## LISTED ENTRIES
BEGIN

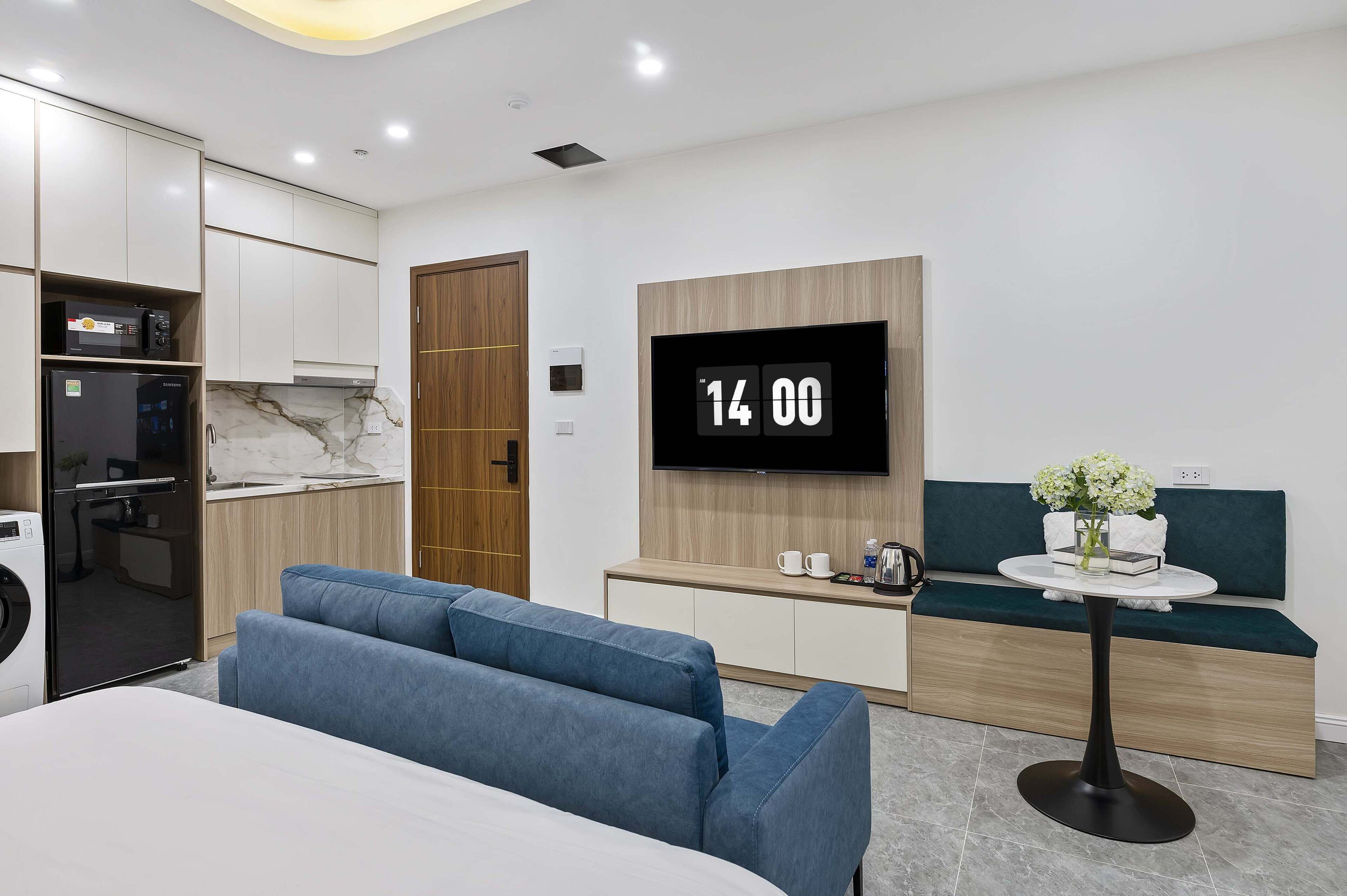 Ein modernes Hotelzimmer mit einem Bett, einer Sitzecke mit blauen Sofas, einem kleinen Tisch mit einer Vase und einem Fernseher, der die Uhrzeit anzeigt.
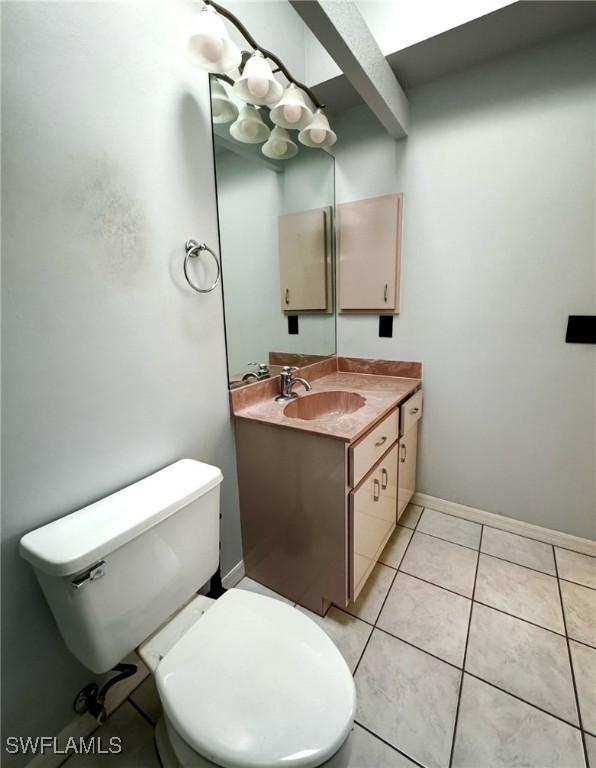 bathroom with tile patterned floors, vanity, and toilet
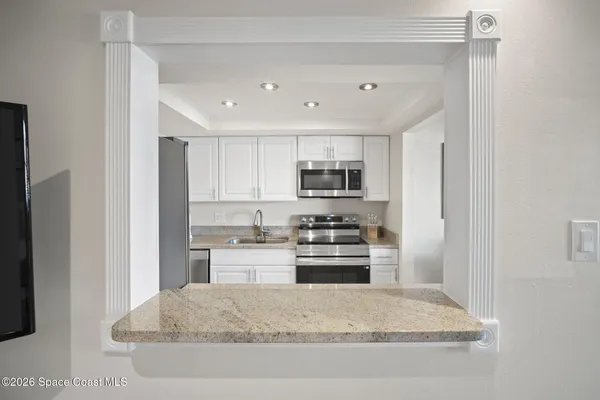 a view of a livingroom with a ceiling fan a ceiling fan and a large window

END
BEGIN

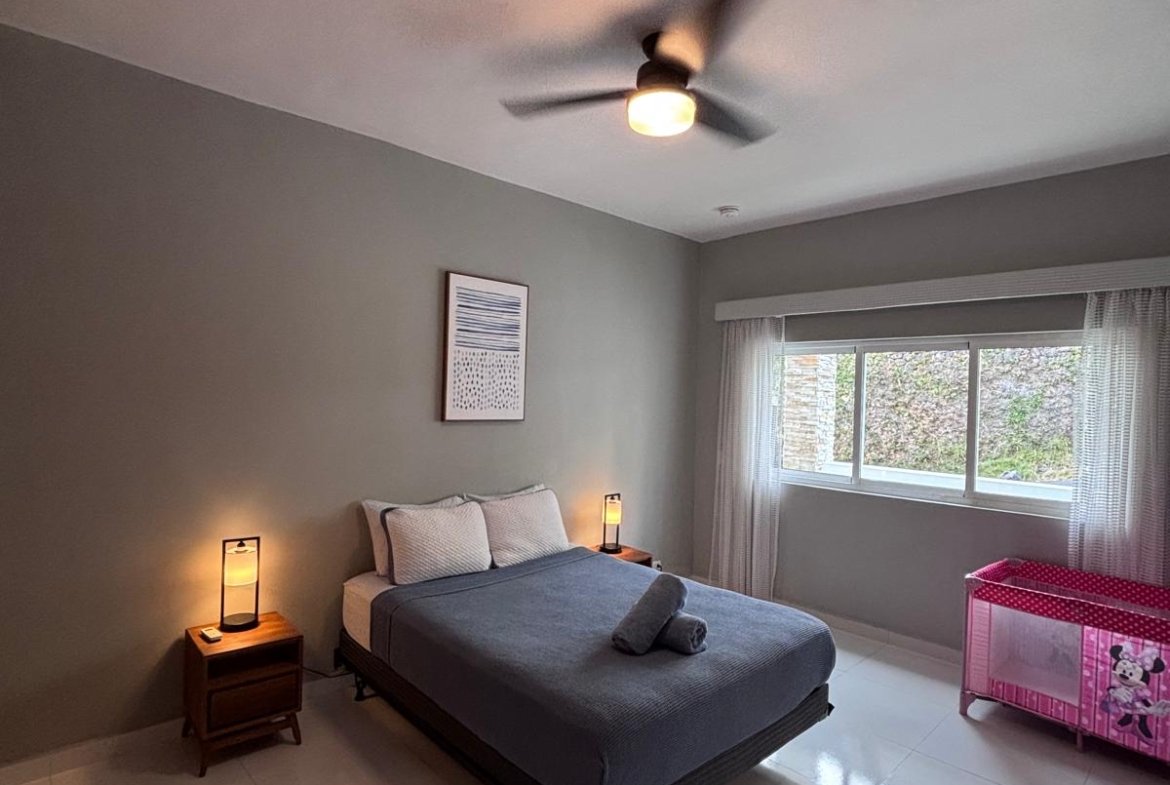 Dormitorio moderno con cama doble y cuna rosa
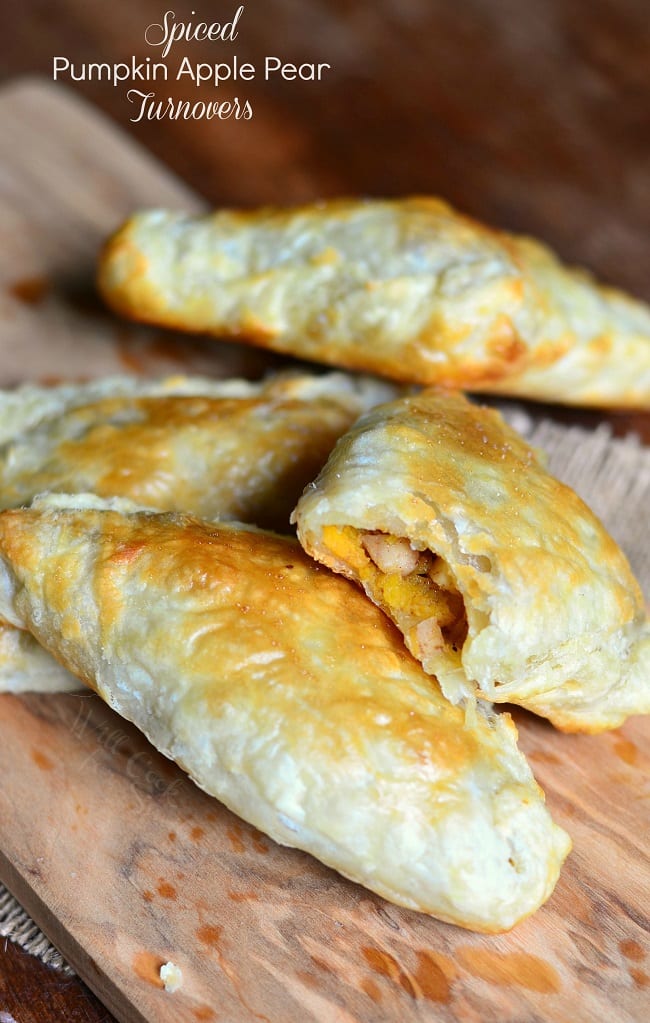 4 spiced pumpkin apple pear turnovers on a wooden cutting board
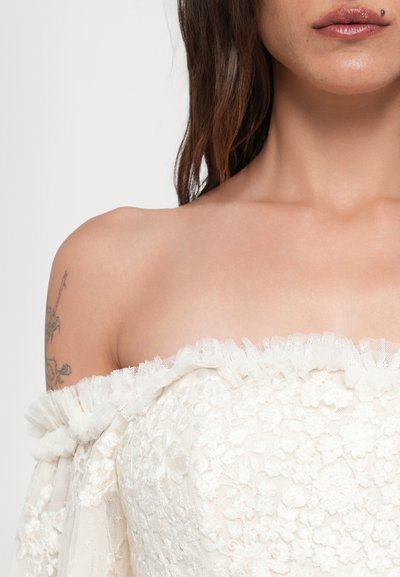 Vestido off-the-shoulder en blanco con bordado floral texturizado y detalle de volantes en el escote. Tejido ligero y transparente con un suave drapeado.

END
BEGIN

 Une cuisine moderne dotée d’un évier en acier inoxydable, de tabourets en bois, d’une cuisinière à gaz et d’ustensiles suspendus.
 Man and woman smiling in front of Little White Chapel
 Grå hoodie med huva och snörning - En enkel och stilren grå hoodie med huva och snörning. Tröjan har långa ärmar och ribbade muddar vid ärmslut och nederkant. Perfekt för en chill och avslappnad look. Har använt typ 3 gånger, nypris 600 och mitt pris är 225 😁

END

## YOUR GOAL
Copy the lines of the data above exactly as written, beginning with the line containing "Une cuisine moderne" and ending with the line containing "Grå hoodie med huva och snörning - En", and leave out all other lines.

## SOLUTION
 Une cuisine moderne dotée d’un évier en acier inoxydable, de tabourets en bois, d’une cuisinière à gaz et d’ustensiles suspendus.
 Man and woman smiling in front of Little White Chapel
 Grå hoodie med huva och snörning - En enkel och stilren grå hoodie med huva och snörning. Tröjan har långa ärmar och ribbade muddar vid ärmslut och nederkant. Perfekt för en chill och avslappnad look. Har använt typ 3 gånger, nypris 600 och mitt pris är 225 😁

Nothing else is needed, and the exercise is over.